I think we've gone over why a war probably would not have arisen out of the Trent affair, but let's say it did. How does the war play out?
I think we've gone over why a war probably would not have arisen out of the Trent affair, but let's say it did. How does the war play out?
this discussion has been done on here many times, and it generally boils down to the fact that the RN can blockade the US into submission pretty much at will. Regardless of what happens on land.
.The Union may not be screwed
- It would Unite the North even more support and long term volunteers enlist
- Lincoln might be given a freer hand to select generals, he may not need all of the political generals.
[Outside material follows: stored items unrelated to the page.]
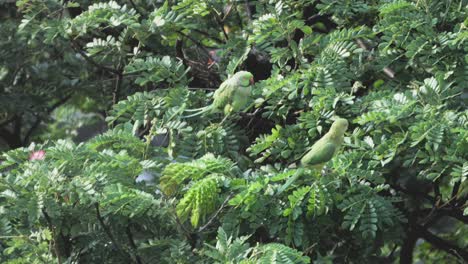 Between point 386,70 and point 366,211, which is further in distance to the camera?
point 386,70

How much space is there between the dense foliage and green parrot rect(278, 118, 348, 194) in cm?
4

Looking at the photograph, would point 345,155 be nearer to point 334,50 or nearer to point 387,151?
point 387,151

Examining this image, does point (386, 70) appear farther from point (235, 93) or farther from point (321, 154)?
point (321, 154)

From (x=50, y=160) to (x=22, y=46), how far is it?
201 cm

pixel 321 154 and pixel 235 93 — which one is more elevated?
pixel 235 93

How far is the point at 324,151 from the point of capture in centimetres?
316

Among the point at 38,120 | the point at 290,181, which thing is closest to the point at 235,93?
the point at 290,181

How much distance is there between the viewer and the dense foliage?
3182 mm

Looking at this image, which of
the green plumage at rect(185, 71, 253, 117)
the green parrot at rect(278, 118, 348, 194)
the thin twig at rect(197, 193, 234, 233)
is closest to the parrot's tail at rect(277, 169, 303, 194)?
the green parrot at rect(278, 118, 348, 194)

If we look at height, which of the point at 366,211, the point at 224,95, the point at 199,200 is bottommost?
the point at 366,211

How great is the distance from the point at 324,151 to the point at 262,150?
23.4 inches

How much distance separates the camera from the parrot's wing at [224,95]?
3.49 m

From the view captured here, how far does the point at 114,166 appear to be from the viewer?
10.9 ft

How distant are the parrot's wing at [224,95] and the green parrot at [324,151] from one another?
0.44 metres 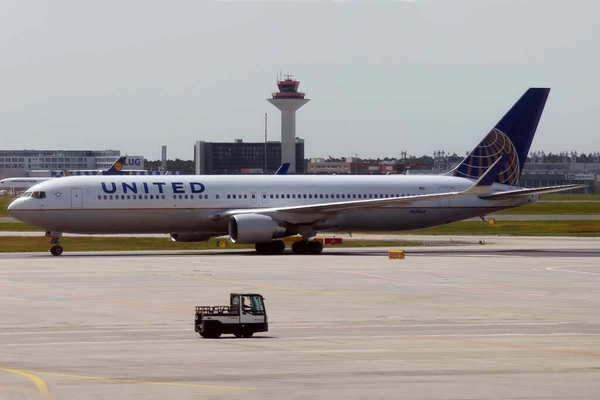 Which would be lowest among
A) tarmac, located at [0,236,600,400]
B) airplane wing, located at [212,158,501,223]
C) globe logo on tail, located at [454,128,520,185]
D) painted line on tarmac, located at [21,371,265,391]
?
tarmac, located at [0,236,600,400]

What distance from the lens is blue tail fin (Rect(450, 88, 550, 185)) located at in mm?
59844

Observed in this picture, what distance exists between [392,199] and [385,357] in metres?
35.1

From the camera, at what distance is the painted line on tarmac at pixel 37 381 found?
1656 centimetres

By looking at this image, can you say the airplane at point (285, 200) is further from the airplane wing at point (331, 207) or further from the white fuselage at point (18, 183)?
the white fuselage at point (18, 183)

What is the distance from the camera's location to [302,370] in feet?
62.5

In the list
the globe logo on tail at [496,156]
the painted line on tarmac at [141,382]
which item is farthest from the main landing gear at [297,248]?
the painted line on tarmac at [141,382]

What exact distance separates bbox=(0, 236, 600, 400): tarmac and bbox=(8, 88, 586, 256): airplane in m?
5.30

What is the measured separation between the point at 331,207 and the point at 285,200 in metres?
3.13

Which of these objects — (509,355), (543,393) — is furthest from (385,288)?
(543,393)

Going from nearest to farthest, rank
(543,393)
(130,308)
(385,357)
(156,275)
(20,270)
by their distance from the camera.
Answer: (543,393)
(385,357)
(130,308)
(156,275)
(20,270)

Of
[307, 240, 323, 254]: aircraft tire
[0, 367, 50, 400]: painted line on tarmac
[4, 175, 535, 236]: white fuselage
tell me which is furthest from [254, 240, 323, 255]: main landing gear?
[0, 367, 50, 400]: painted line on tarmac

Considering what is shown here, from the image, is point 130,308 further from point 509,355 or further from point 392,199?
point 392,199

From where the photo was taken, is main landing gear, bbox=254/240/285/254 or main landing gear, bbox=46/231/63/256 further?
main landing gear, bbox=254/240/285/254

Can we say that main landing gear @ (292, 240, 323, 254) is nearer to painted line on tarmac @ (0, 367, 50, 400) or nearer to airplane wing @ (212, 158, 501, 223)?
airplane wing @ (212, 158, 501, 223) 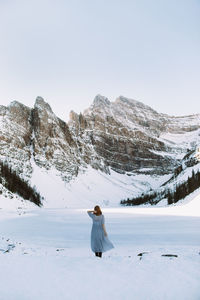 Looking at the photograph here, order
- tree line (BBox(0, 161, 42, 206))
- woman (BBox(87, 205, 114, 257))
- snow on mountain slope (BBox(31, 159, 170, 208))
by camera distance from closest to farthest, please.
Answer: woman (BBox(87, 205, 114, 257))
tree line (BBox(0, 161, 42, 206))
snow on mountain slope (BBox(31, 159, 170, 208))

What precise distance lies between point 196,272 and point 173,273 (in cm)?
67

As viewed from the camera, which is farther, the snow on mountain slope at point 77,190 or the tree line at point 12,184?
the snow on mountain slope at point 77,190

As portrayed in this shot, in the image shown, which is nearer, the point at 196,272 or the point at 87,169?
the point at 196,272

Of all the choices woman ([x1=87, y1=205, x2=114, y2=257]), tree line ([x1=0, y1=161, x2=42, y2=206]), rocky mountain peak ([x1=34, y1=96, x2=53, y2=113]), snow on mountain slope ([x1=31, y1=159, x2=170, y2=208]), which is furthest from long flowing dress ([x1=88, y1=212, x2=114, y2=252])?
rocky mountain peak ([x1=34, y1=96, x2=53, y2=113])

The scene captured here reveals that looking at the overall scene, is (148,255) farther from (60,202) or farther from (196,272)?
(60,202)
- Emancipation Proclemation givn sooner, early 1862
- USA is able to mobalise resources faster since it is closer to the theatres of action
.
More volunteers do not bigger armies make, at least not by themselves. To build armies, you need weapons. And to get weapons, you need money. Both of those commodities are going to be in very short supply in any Trent War scenario.
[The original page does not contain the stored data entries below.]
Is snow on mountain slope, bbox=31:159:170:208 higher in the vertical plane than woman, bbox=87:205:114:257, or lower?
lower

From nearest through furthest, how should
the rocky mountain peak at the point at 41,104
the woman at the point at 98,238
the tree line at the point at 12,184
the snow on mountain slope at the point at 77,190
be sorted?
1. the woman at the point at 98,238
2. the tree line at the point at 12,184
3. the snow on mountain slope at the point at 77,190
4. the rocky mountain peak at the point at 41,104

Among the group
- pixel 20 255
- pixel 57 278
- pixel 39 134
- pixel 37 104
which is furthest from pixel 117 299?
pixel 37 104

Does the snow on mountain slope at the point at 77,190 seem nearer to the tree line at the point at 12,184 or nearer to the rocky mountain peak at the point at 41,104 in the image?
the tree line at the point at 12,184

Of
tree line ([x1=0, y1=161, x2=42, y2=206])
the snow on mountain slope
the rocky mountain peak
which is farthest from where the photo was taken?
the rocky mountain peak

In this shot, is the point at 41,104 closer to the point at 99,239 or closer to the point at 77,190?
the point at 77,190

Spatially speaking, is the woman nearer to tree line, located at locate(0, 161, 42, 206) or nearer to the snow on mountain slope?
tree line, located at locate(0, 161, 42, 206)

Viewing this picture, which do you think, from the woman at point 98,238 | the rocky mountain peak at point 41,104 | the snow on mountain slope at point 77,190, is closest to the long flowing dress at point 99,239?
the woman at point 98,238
1) In OTL, Union finances depended heavily on three sources...first, tariff revenue; second, a steady flow of gold and silver out of the Western mines, and third, foreign loans, primarily from Britain. All three of these are going to essentially dry up if a Trent War breaks out.
In OTL, the South paid something like 80% of the tariff revenue which was collected by the Federal Government. The CSA won't be forwarding those revenues to the Feds anymore. And the British blockade will destroy the trade which generates tariff revenues. So they won't be collecting much else there, either.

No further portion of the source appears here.